Ak Parti iktidarının Ergenekon sürecini başlatma izninin bu
görünmez el tarafından verildiği, Kürtlerin toptan bir şekilde
Türklere ve devlete karşı koymamalarının bu el tarafından
önlendiği, bu görünmez elin Ermenilerle bir probleminin olmadığını
ve bu elin her durumda büyük Türk ideallerine hizmet ettiğini,
devletin geleceğini düşündüğünü ve güçlü olmasını istediğine
inandırmak için bütün mantıksal kurguları kuruyor ve bu kurguları
yine manevi değerler üstüne oturtuyorlar.
Yeni yazılacak anayasaya konulması zaruriyeti olan maddeler arasında Kürtlerin anayasal hakları olduğu düşüncesi ve ilk üç maddenin kaldırılmasının yine bu görünmeyen elin talep ettiği söylemiyle son buluyor. Ki bunun karşılığı olarak Kuzey Irak'taki Kürt özerk bölgesinin bağımsızlık ilanında bulunacağı ve böylece Türkiye Kürtlerinin zapt edilemez bir taşkınlığa doğru gideceği, Suriye koridorunun bağımsızlığını ilan edecek Kürt devletinin denizlere ulaşması için kullanılacağı tehdidi ve korkusu da söylemlerin arasına yerleştiriliyor.

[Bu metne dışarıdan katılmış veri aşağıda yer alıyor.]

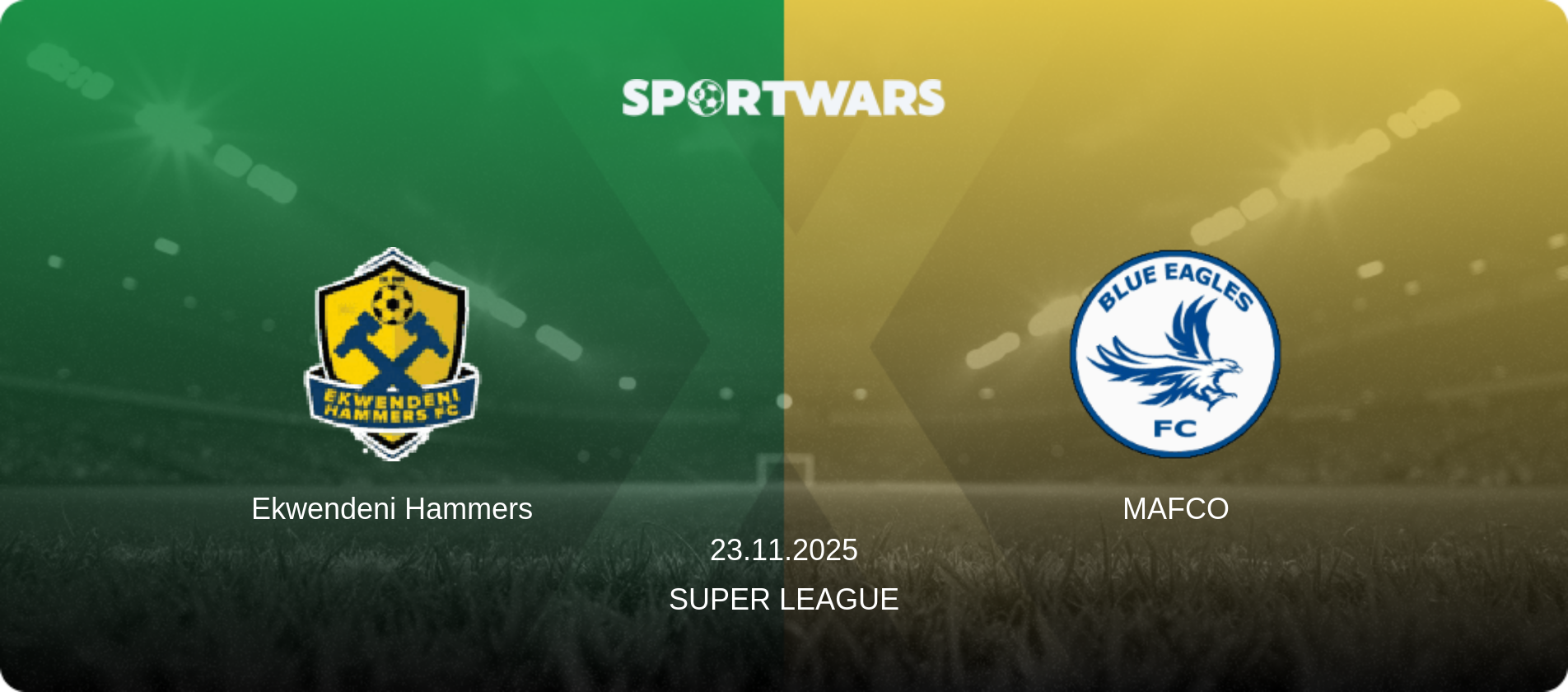 Ekwendeni Hammers — MAFCO, 23.11.2025 — Super League (match preview)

Görünmez, bilinmez, sorgulanmaz, somutlaştırılamaz bu devlet ruhu ve aklı, görünmez olan o siyaset dışındaki eliyle siyaseti ve devleti dizayn ederek büyük ve bin yıllık idealleri gerçekleştireceği inancı oluşturuluyor. Nasıl ola oluşturulmaya çalışılana inanmayacak kadar hassasiyeti olanlar hikmeti anlayamayan durumuna düşmemek için susacak, zaten inanan ve kayıtsız şartsız kabul edenler ise var güçleriyle destek olacaklardır.

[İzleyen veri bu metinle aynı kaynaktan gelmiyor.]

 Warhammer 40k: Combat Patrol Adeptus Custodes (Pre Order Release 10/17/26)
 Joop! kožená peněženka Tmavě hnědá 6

Muhafazakâr, İslami, milli ve sağ diye nitelendirilen geniş kitlelerin mantıksal algıları inandırmaya çalışanlar için kullanılabilecek en elverişli altyapıya sahiptir. Sorgulamayı bilmeyen veya doğru sorgulama yapamayan bu gruba ek olarak yandaş, çıkarını düşünen ve güce tapınanları koyunca çok önemli bir kitle operasyon için hazır duruma getirilmiş olacaktır.
Son zamanlarda sıkça duyduğum bu inandırma faaliyetinde bulunanların oyununu bozacak küçük sorulara bile aşağılayıcı bir üslup takınarak "sen anlamazsın, senin anlayacağın şeyler değildir" yaklaşımları ise çok ciddi bir planlamayla karşı karşıya olduğumuzu göstermektedir.
Bu planlamanın ipliğini pazara çıkaran bu analiz yazısından sonra o görünmez elin gazabı devreye gireceğe benziyor. Ama inanmayanlar için gazap sahibi gizli el değil, görünmez olmaya çalışan çıkarcılar ve planlayıcılardır. Ki bunların kim olduğu da zaten bilinmektedir.